No entanto, no final de dezembro de 2012, um grupo de posseiros e motoqueiros ocupou o Posto da Mata e de lá impediam a continuidade da desintrusão, ora ameaçando moradores do vilarejo que desmontavam suas posses, ora ameaçando agricultores que desejavam retirar suas mudanças. Trancavam as estradas e criavam transtornos permanentes a motoristas, caminhoneiros e demais pessoas e famílias que circulavam na região.

No dia 28 de dezembro, esse grupo atacou um caminhão das Sesai que transportava cestas de alimentos para uma comunidade indígena do Mato Grosso, levou motorista e acompanhante a um local onde foram ameaçados e torturados, roubou as sete toneladas de alimentos e ateou fogo ao caminhão.

Neste momento, o Governo Federal decidiu retomar o Posto da Mata, para poder restabelecer a ordem na região e dar prosseguimento à desintrusão da terra indígena.

            (Soa a campainha.)

            O SR. EDUARDO SUPLICY (Bloco/PT - SP) -

Isto foi feito pelas forças de segurança, de maneira pacífica, na madrugada do dia 30 de dezembro e, a partir daí, a desintrusão passou a fluir num ritmo acelerado, pois todos os posseiros já estavam dispostos a deixar a área, mas estavam impedidos pela minoria que ocupava o Posto da Mata e os ameaçava de forma permanente.

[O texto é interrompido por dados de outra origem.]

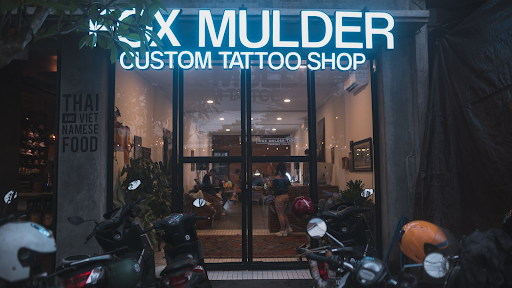 FOX MULDER custom tattoo shop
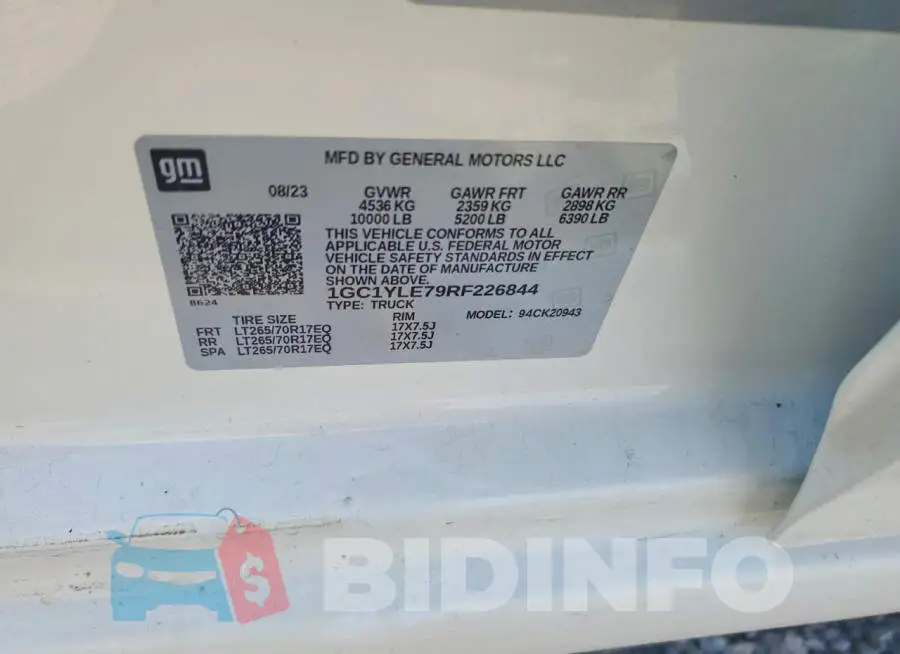 1GC1YLE79RF226844 Photo# 12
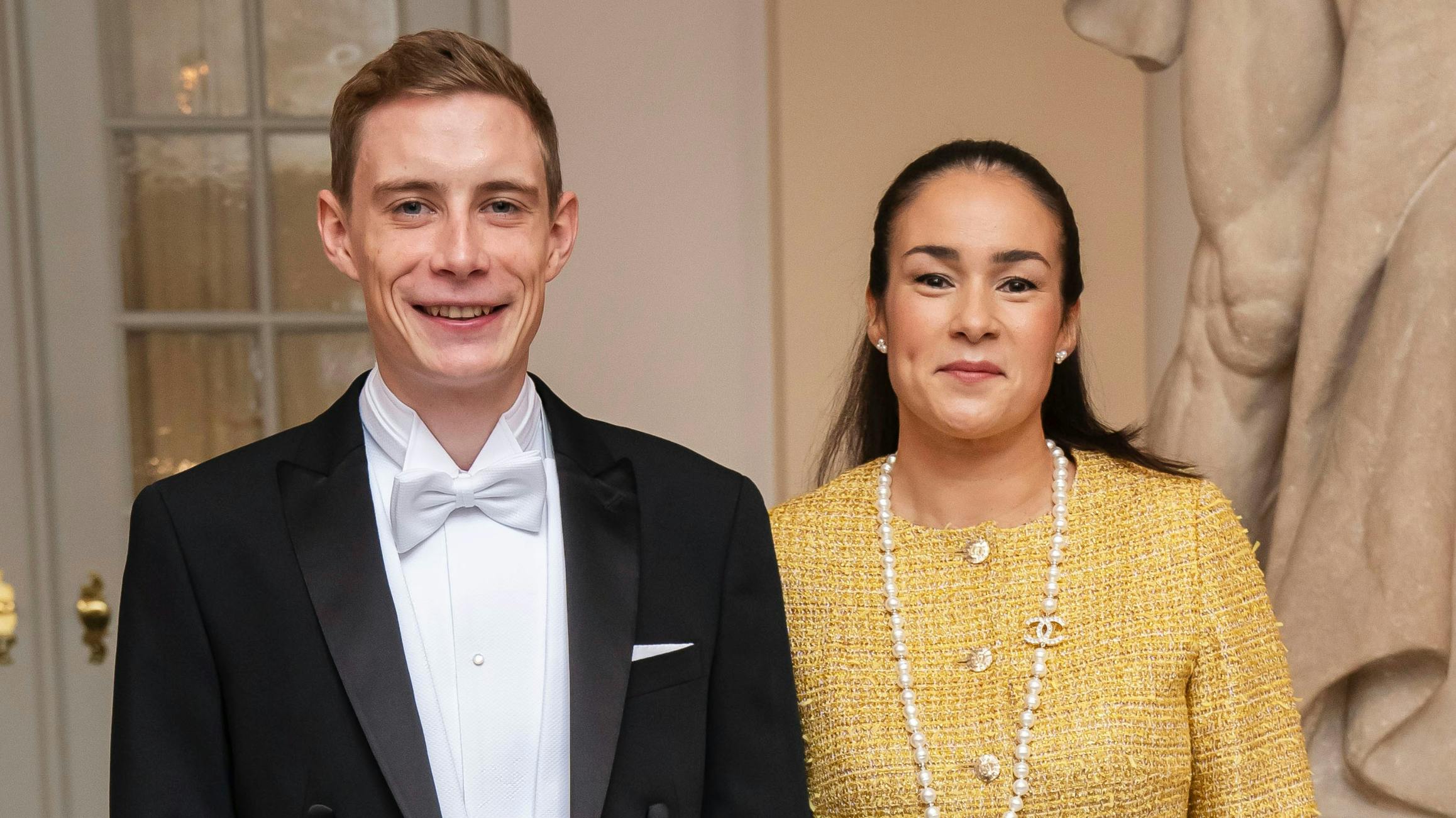 Jonas Vingegaard og Trine Marie Hansen.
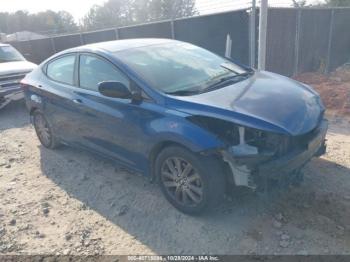  Salvage Hyundai ELANTRA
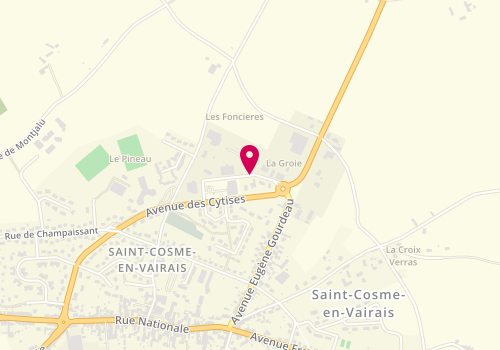 Plan de Vétérinaires de l'Arche, 5 Rue Perche, 72110 Saint-Cosme-en-Vairais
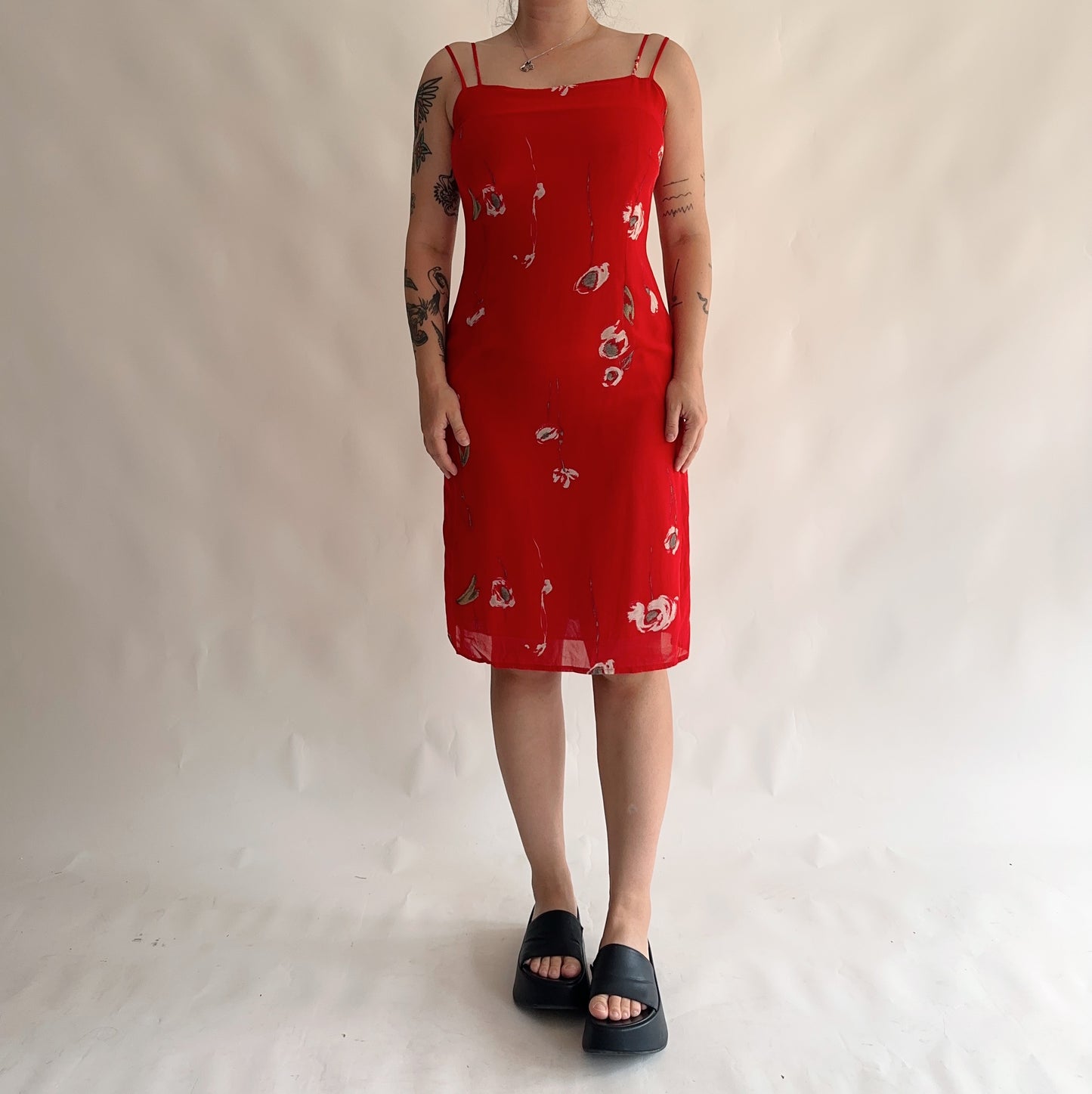 vestido vintage 90s (M-L)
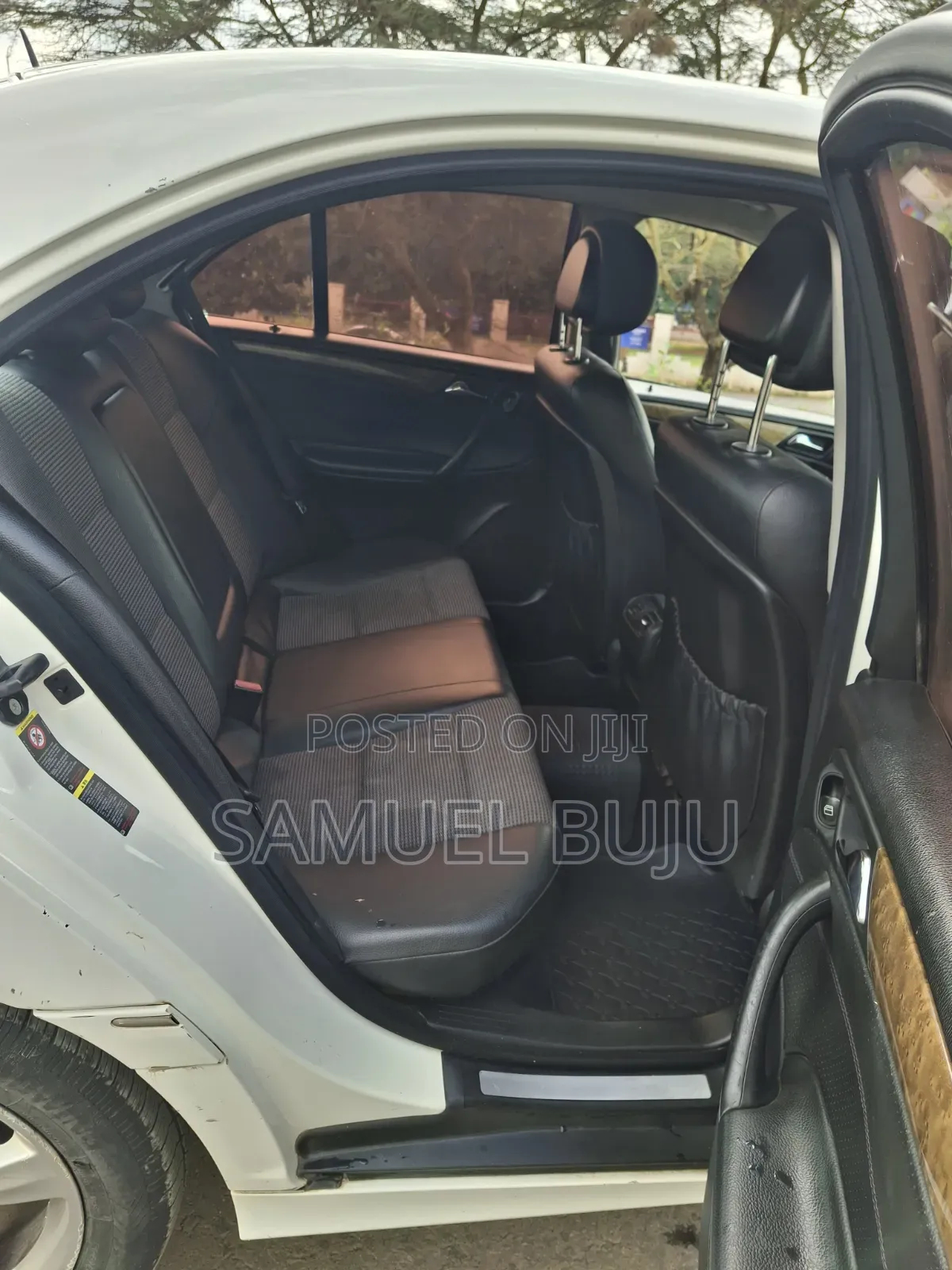 Mercedes-Benz C180 2007 White
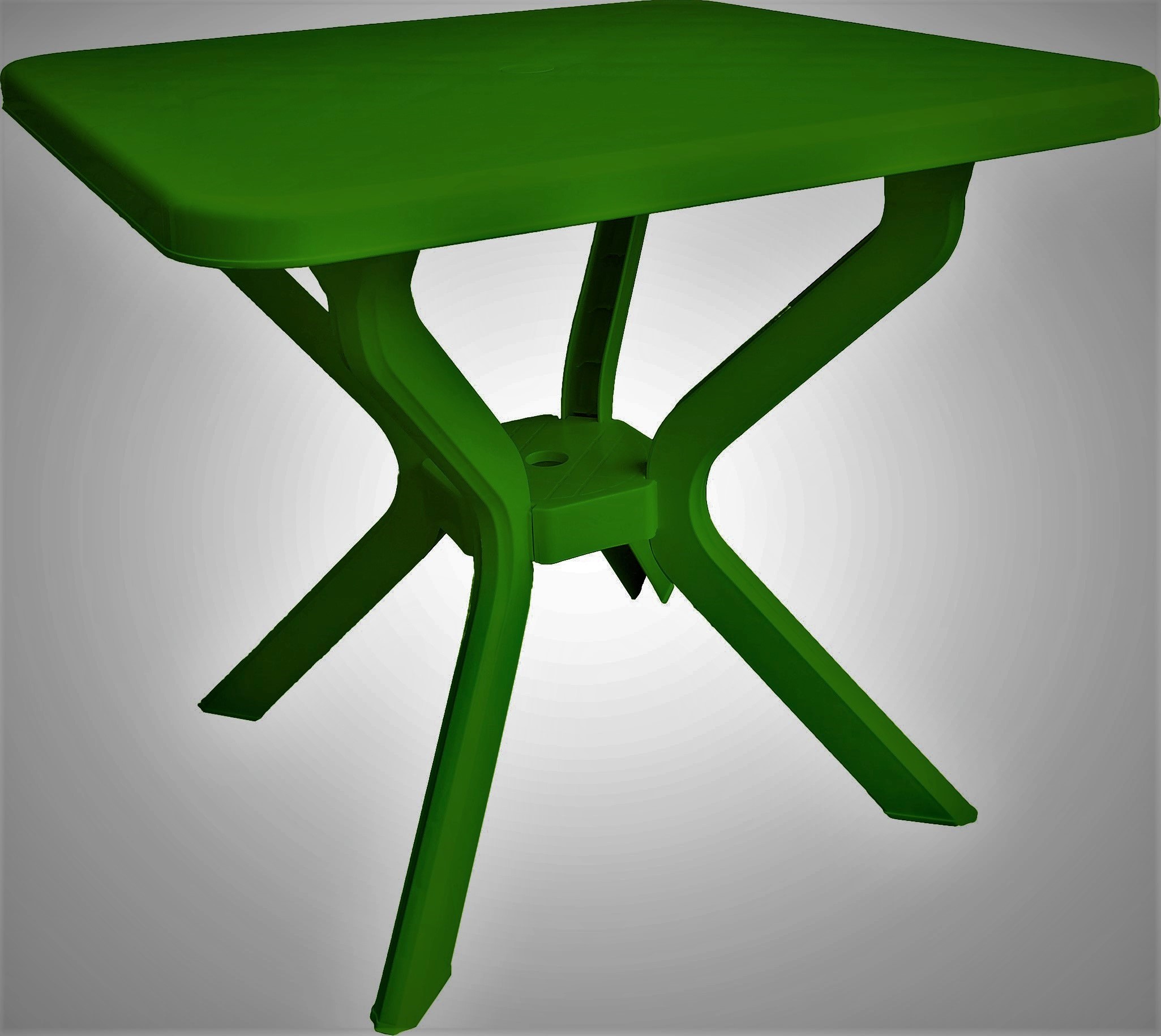 Стол пластиковый 79х79х70см темно-зеленый арт.Т 1-7 по цене 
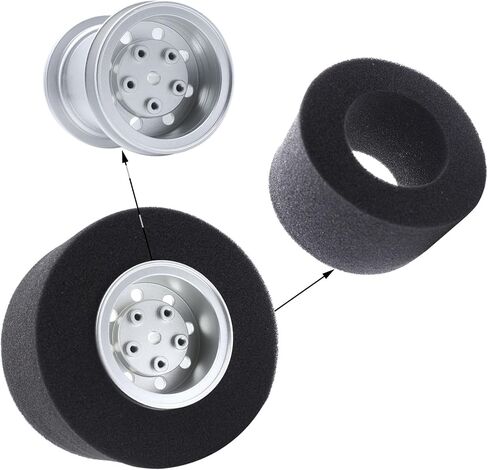 4Pcs tire Lining/Built Sponge for Tamiya CW01 Chassis Lunch Box G6-01 Midnight Pumpkin Kingyelow Konghead RC Car Upgrades Parts in Kuwait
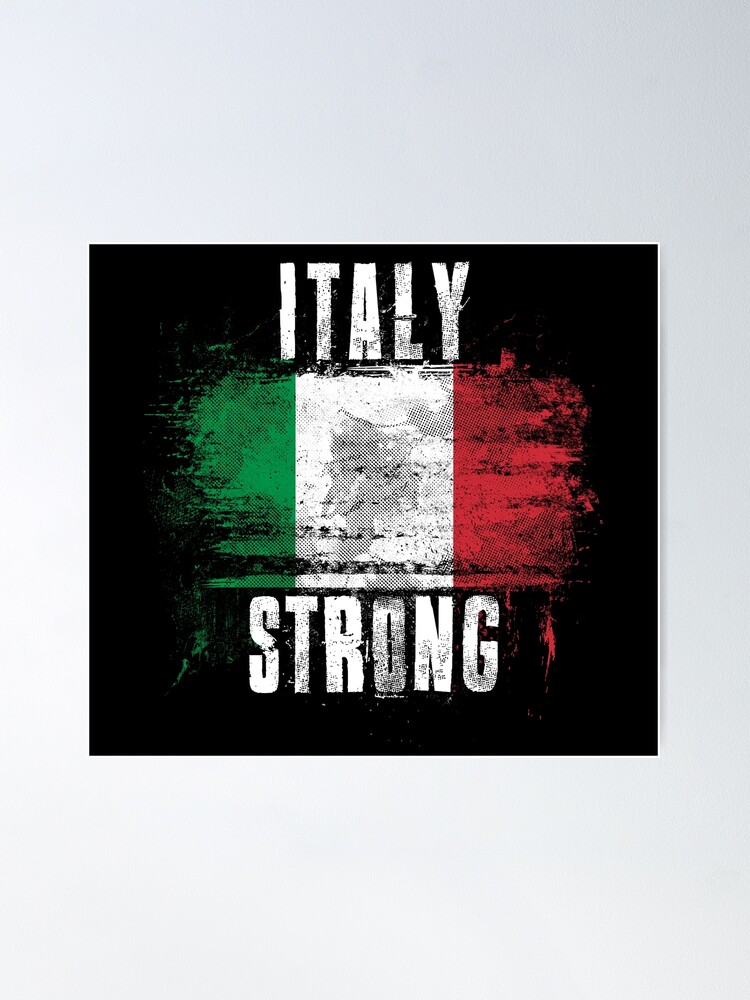 Italian Grafitti by Maga - Blue and Gold Frame main image 1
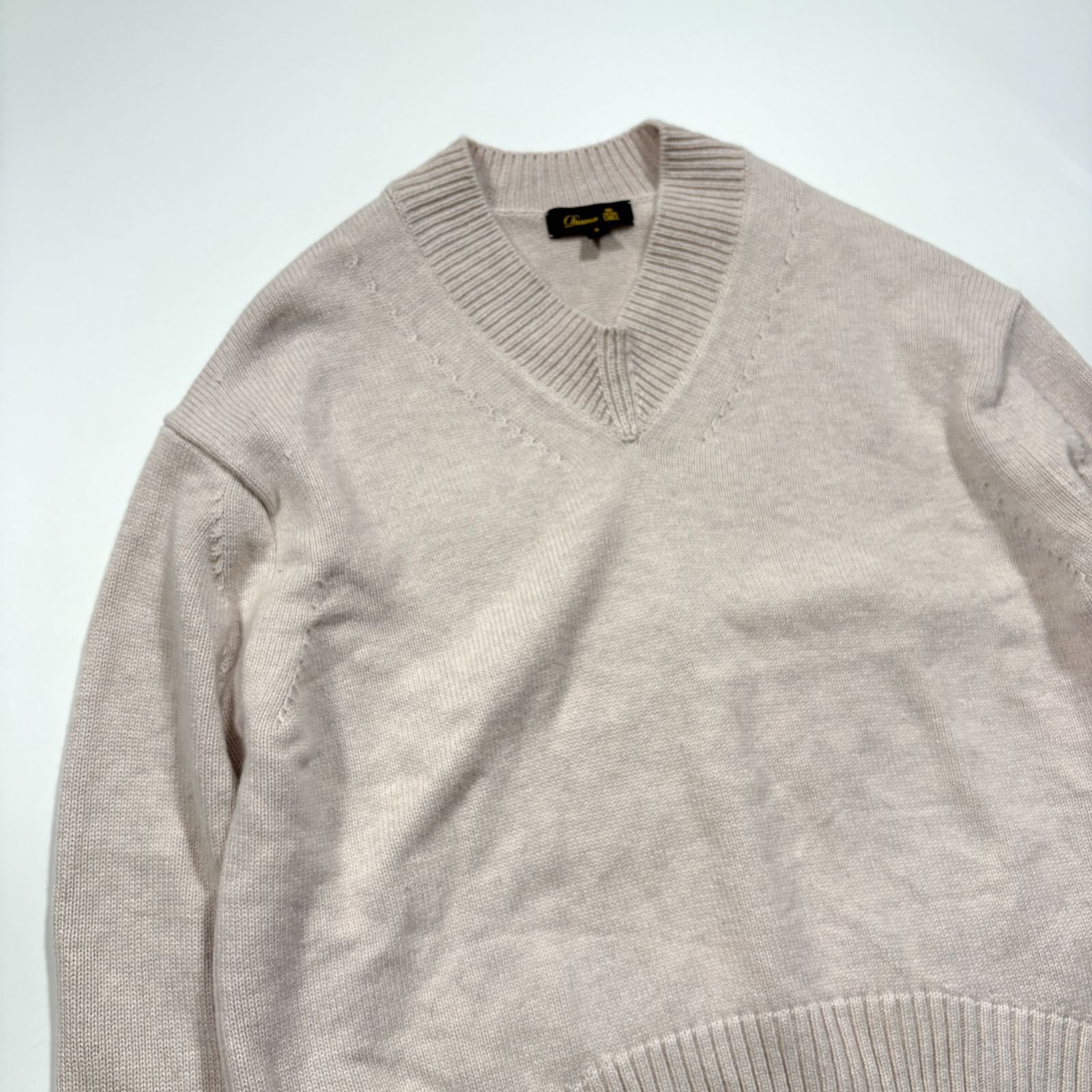 drawer カシミヤコットン天竺編みニット サイズ2 ホワイト 美品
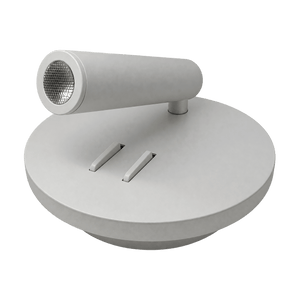 3W White Aluminium LED Wall Light - 240VAC with transparent background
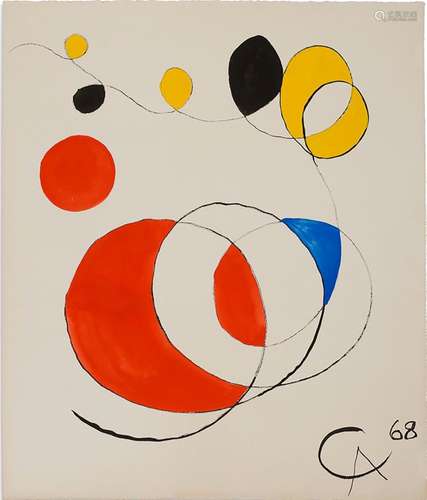 ALEXANDER CALDER (1898-1976) Sans titre, 1968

A desintrusão da Terra Indígena Marãiwatsédé foi finalizada oficialmente no dia 28 de janeiro de 2013, tendo sido repassadas, pelos oficiais de Justiça para a Funai, todas as 619 posses ilegalmente existentes em seu interior, em Posto da Mata e no interior do território.

Dom Pedro Casaldáliga está de volta a sua residência, que segue monitorada pela Polícia Federal. Os inquéritos relativos aos conflitos nas fases de notificação e desintrusão e às ameaças feitas ao Bispo e ao cacique Damião seguem seu curso.

Assentamentos rurais foram oferecidos aos posseiros da terra indígena com perfil para a reforma agrária, e um assentamento urbano foi oferecido em Alto Boa Vista para os moradores de Posto da Mata. Cerca de 200 famílias foram cadastradas para esse assentamento urbano.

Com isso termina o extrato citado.